The Nigerian Electricity Regulatory Commission (NERC) has listed project management failure and non-adherence to the terms of contracts as some of the reasons why past metering programmes in the country failed.

Speaking during a virtual discussion organised by, "The Power Hub," General Manager, Finance and Management Services of the regulatory commission, Mr. Abdul Shettima, also reiterated the pledge by NERC to ensure a refund to customers who paid for meters under the Credited Advanced Payment for Metering Implementation (CAPMI) scheme, which it admitted was a failed initiative.

He recalled that when the power sector was privatised, metering was one of the key components that the core investors were required to address, plus loss of reduction and network upgrade, but noted that unfortunately because of cost-reflectivity , technical partnership and a lot other issues, none of those targets were met.
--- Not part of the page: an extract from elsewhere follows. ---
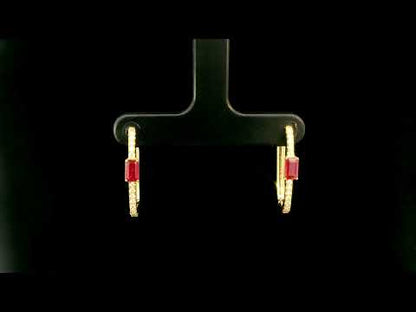 Rotating video showing the jewelry item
Shettima stated that at the time of handover to the core investors, the CAPMI programme was in place, stressing that before then, when the sector was was still completely under government control, over N9 billion had been expended on the metering problem without results.
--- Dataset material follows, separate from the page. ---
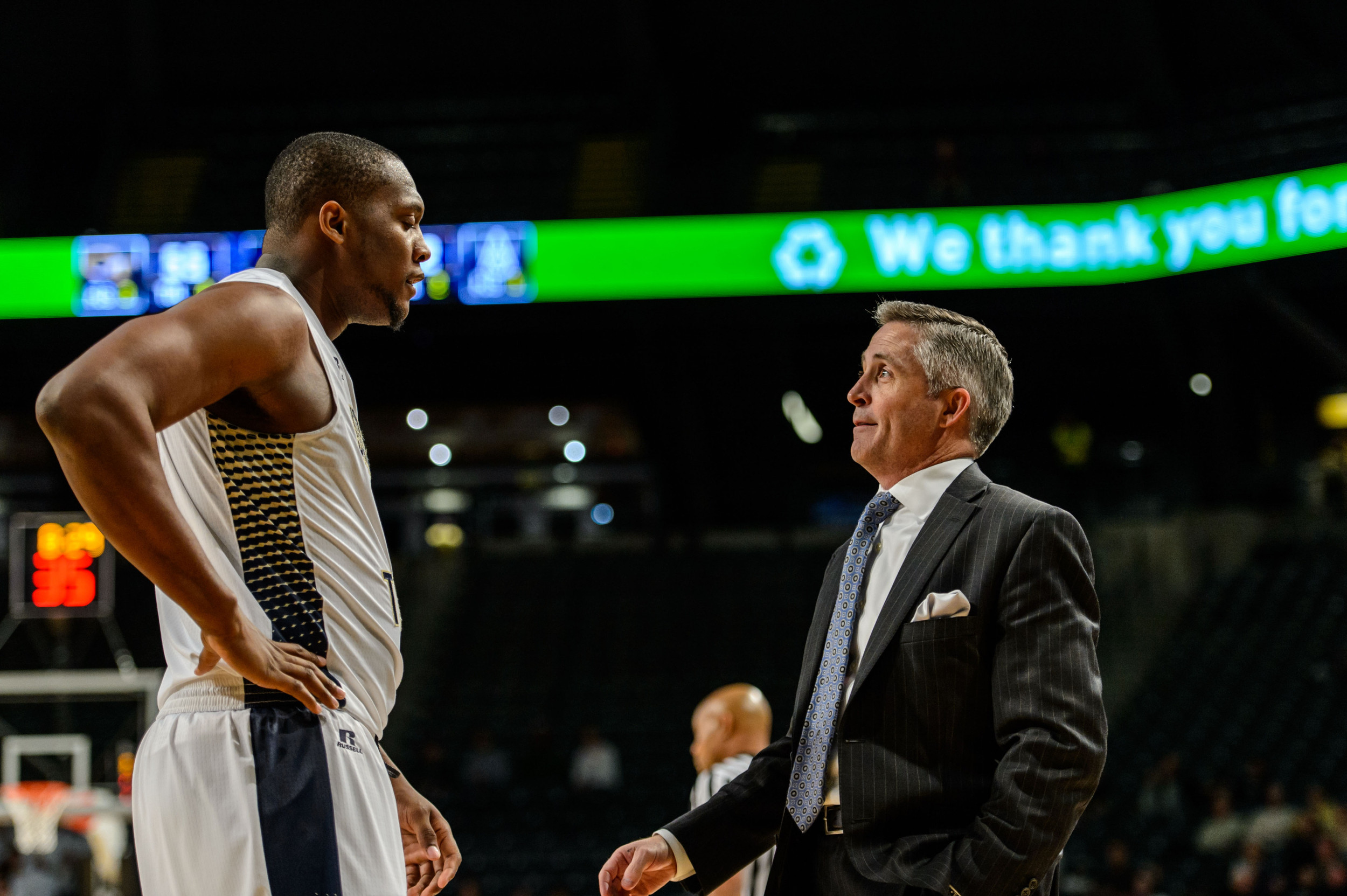Coach Brian Gregory, Charles Mitchell (0)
"Nothing much came out from that initiative. Then the CAPMI came on board, and there was resistance by the core investors at the beginning of the programme, maybe because they didn't understand the mechanics of the programme very well or they felt it was different from their own plans.

"Finally, when they were on board, the CAPMI wasn't working well with a lot of complaints from customers making payments and not getting meters.

"Then the Meter Assets Provider (MAP) came up with a lot of optimism from all stakeholders. Unfortunately, we had some teething problems when it started, the main one being the customs levy which made the pricing unviable," he said.

Shettima, who explained that after getting round the customs issue, then exchange rate issue became a problem, expressed optimism that the numbers had started picking up with the new scheme.

He argued that there's a bit of impatience in the industry, adding however that it was because, "things are not working well", which he said is understandable.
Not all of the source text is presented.